By choosing random functions $F_0(z)$, one can estimate that
$$F(1) \simeq 0.6518\ldots$$
Since the sign in the exponential is determined by whether $x_n > 1$ or not,
this implies that the ratio of $-$ signs to $+$ signs (for almost all initial values, which presumably includes $x_0 = 2$)
 is  roughly $1.872$ to $1$. This seems to confirm what you observed experimentally.

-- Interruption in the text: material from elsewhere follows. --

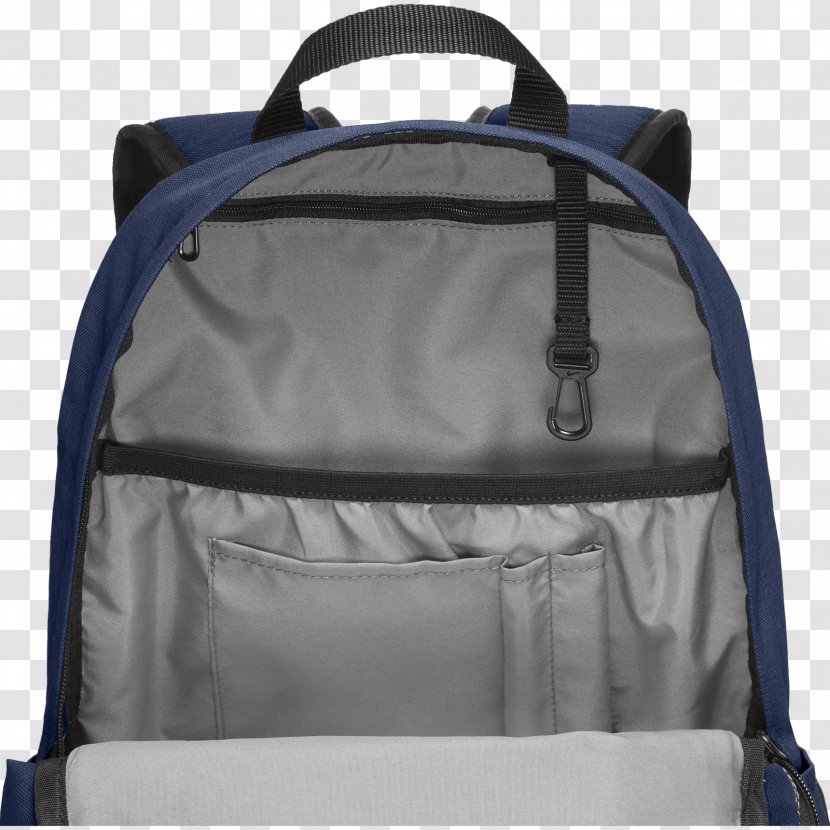 Baggage Backpack Nike Brasilia 7 8 XL - Bag Transparent PNG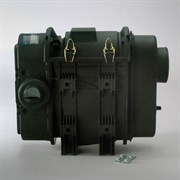 D090120 Воздухоочиститель POWERCORE Donaldson D090120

Moreover, since the function $F(z)$ is strictly increasing,
it follows by Kolmogorov's zero-one law that, for almost all initial values $x_0$, that there are arbitrarily long
runs of $+$ signs, $-$ signs, etc.

 Edit: To make this completely rigorous, one can
make $\mathrm{R}^{+}$ a compact measure space given by the measure
specified by $\mu([a,b]) = F(b) - F(a)$. 
The function $T:=|\log(x)|$ (modified so that $T(1) = 1$) is then measure preserving and (as is relatively easy to check) ergodic.
The claims then follow from the Birkhoff Ergodic theorem, for suitable choices of 
test function $f$ (like the step function which is zero for $x < 1$ and one for $x > 1$).
(BTW, I may have added a few more decimal digits above than was really justified.)